┌────────
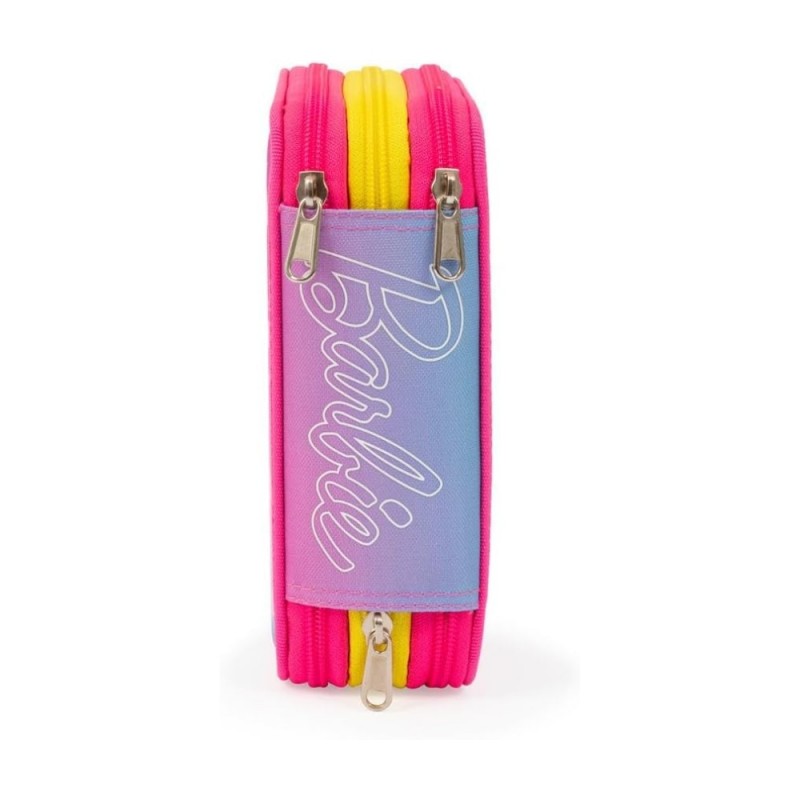 Astuccio 3 Zip Barbie – Giochi Preziosi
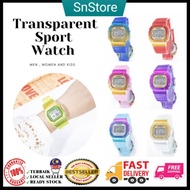 [Ready Stock]Watch Men-Digital Watch-Sports Watch-Sport Watch-Waterproof Watch-Men Watch-Man Watch-J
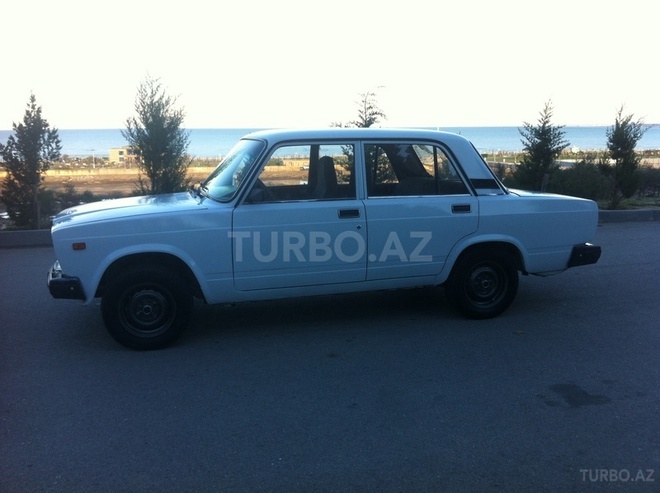 LADA (VAZ) 2107 2007, 70,000 km - 1.6 л - Sumqayıt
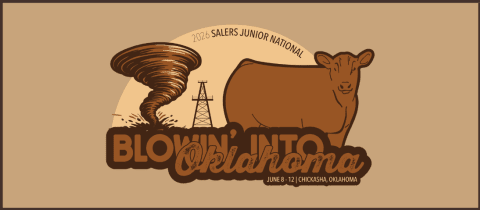 2026 American Salers Junior National cover photo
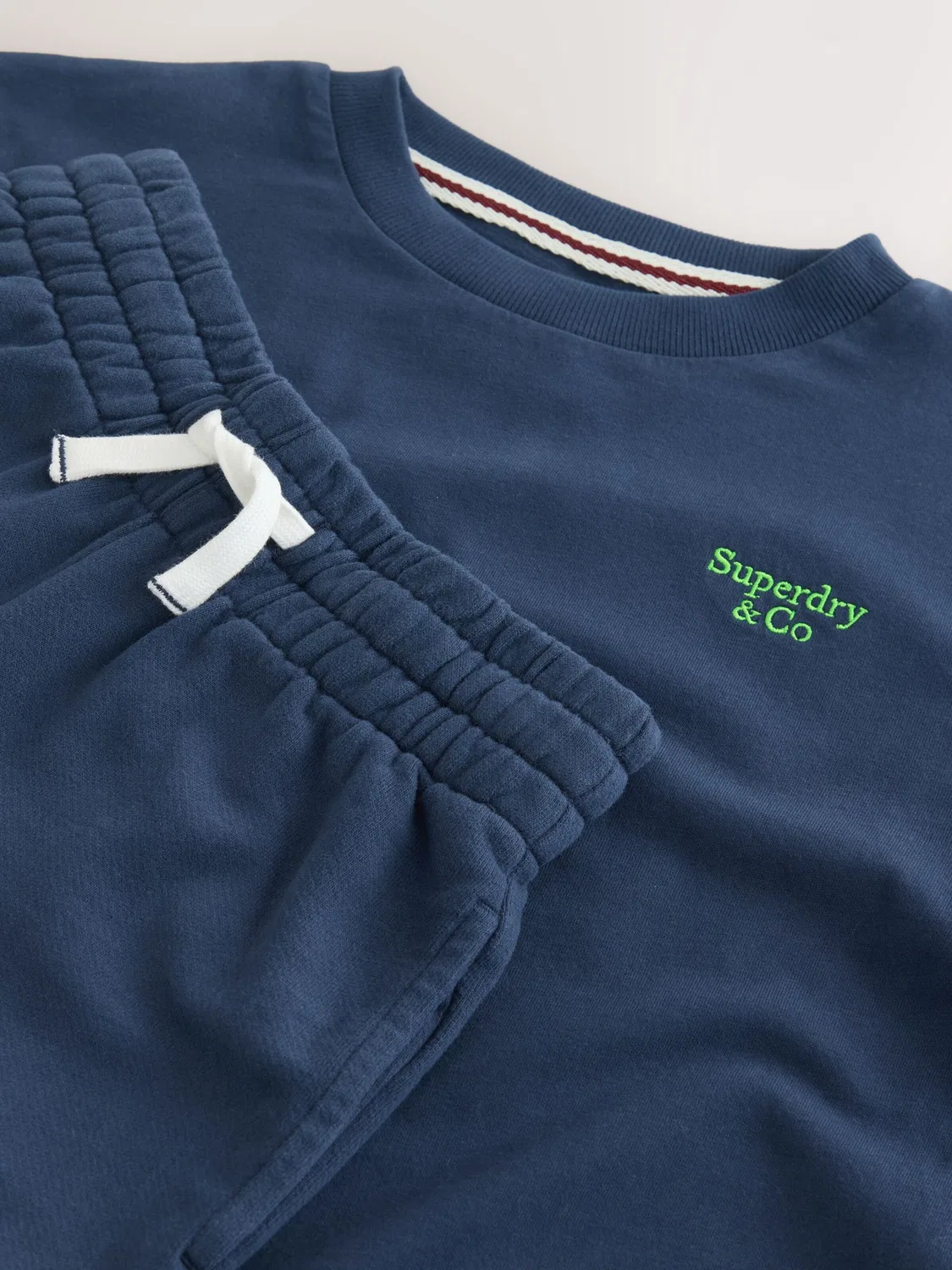 Комплект одежды Superdry & Co, Navy — фото 3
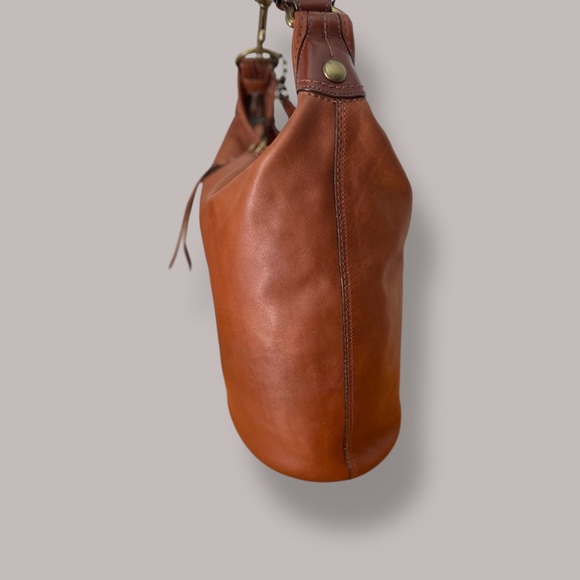 Coach Bleecker Tattersall duffle near-vintage - Picture 2 of 14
└────────
* [ASSIGNMENT]: Would you please write out exactly the lines between the line containing "2026 American Salers" and the last line of the listing above, inclusive, without pictures?

* [EXERCISE RESULT]:
 2026 American Salers Junior National cover photo
 Комплект одежды Superdry & Co, Navy — фото 3
 Coach Bleecker Tattersall duffle near-vintage - Picture 2 of 14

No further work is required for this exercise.